- **Directions**
Please print nothing but the lines from the one with "دانلود فیلم Ambulance 2022" to the last line of the records below, and omit pictures.

- **Provided records**
/---

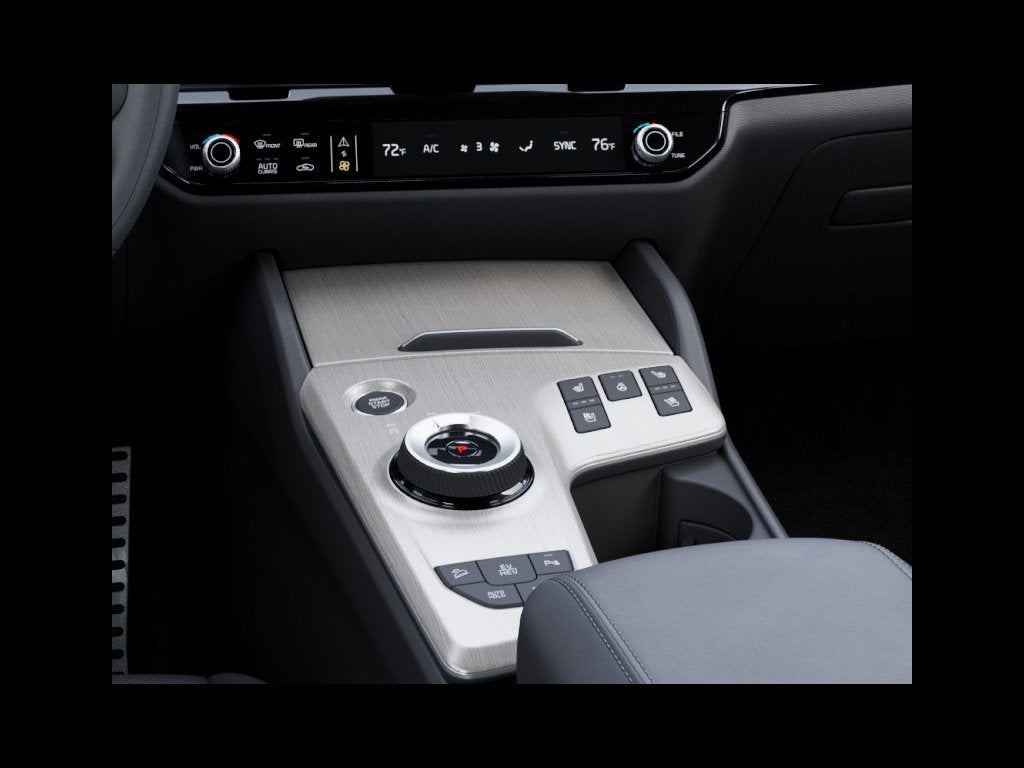 2027 Kia Sportage Plug-In Hybrid X-Line Prestige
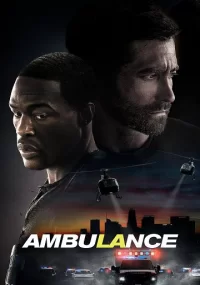 دانلود فیلم Ambulance 2022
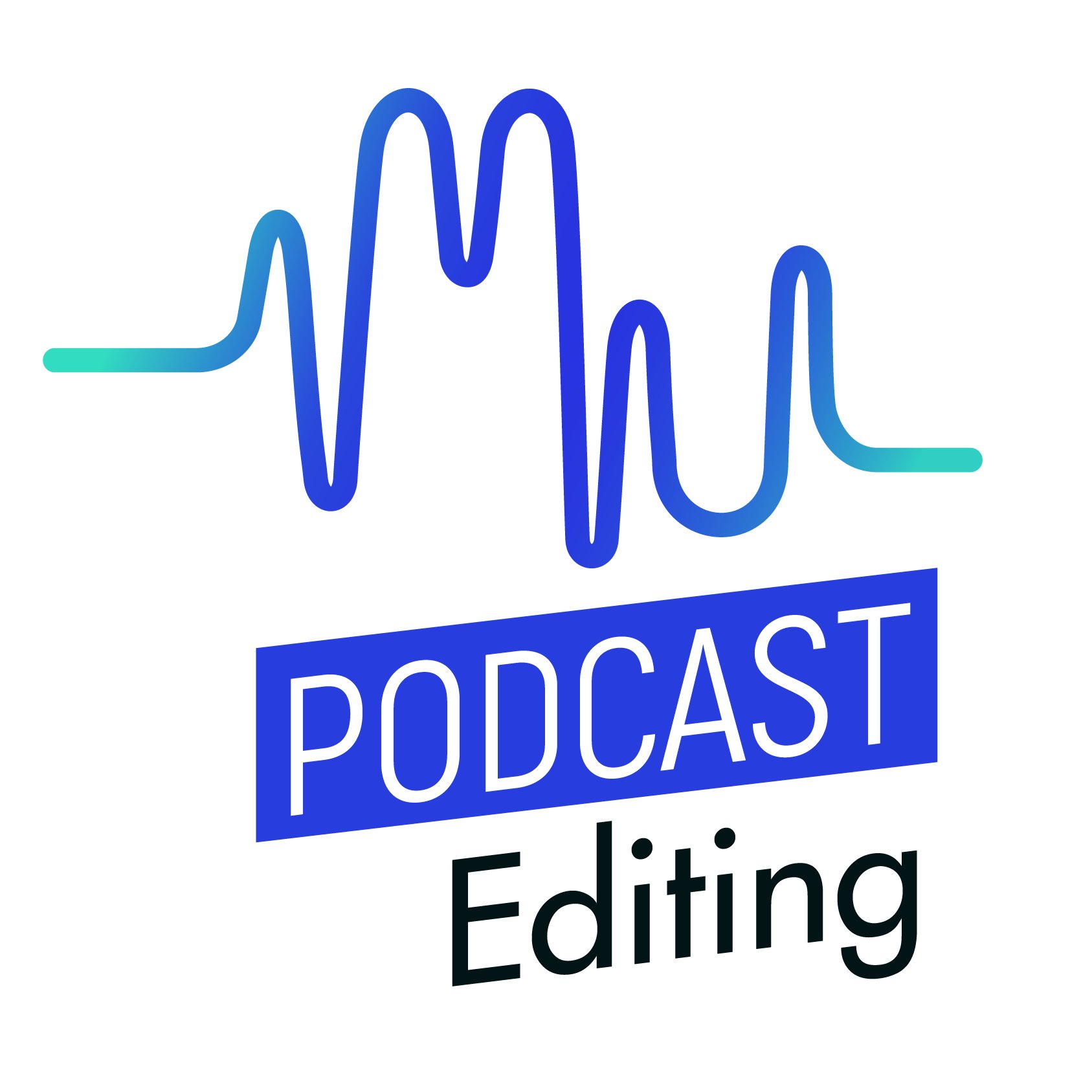 Podcast editing company. We help you grow your podcast as a communication and marketing tool.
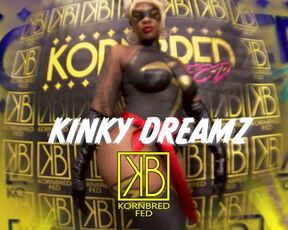 Kinky Dreamz Trailer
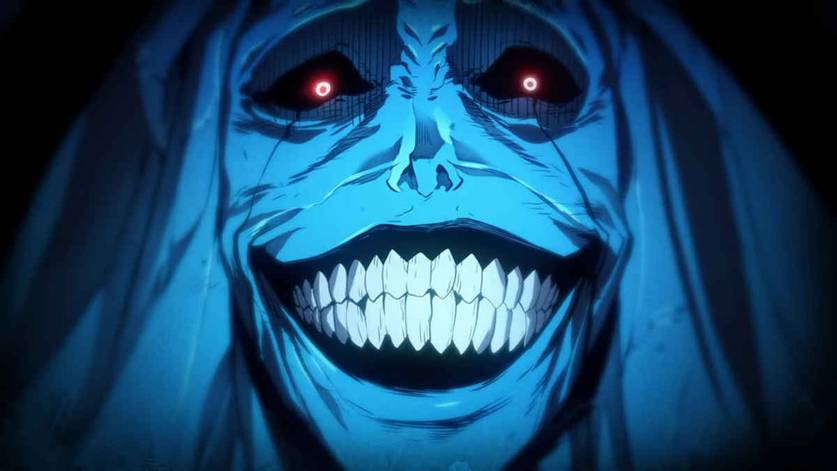 Crunchyroll/Reprodução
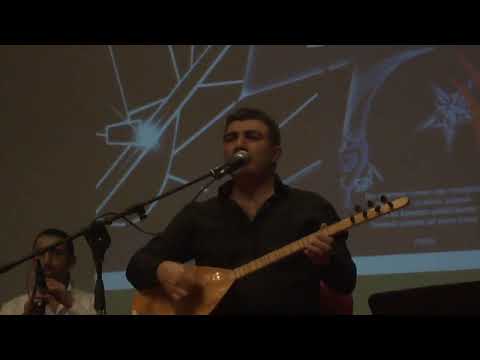 Al Mendil Sende Kalsın - Özcan Türe #özcantüre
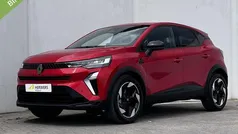 Gebruikt 2025 Renault Captur Techno SUV | € 30.885 (Eerlijke prijs)
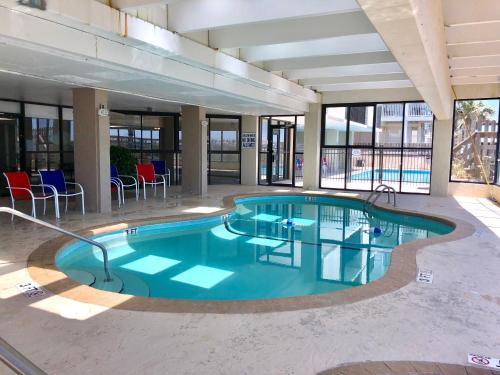 Apartamento Water Pointe I 503 Condo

\---

- **Finished exercise**
 دانلود فیلم Ambulance 2022
 Podcast editing company. We help you grow your podcast as a communication and marketing tool.
 Kinky Dreamz Trailer
 Crunchyroll/Reprodução
 Al Mendil Sende Kalsın - Özcan Türe #özcantüre
 Gebruikt 2025 Renault Captur Techno SUV | € 30.885 (Eerlijke prijs)
 Apartamento Water Pointe I 503 Condo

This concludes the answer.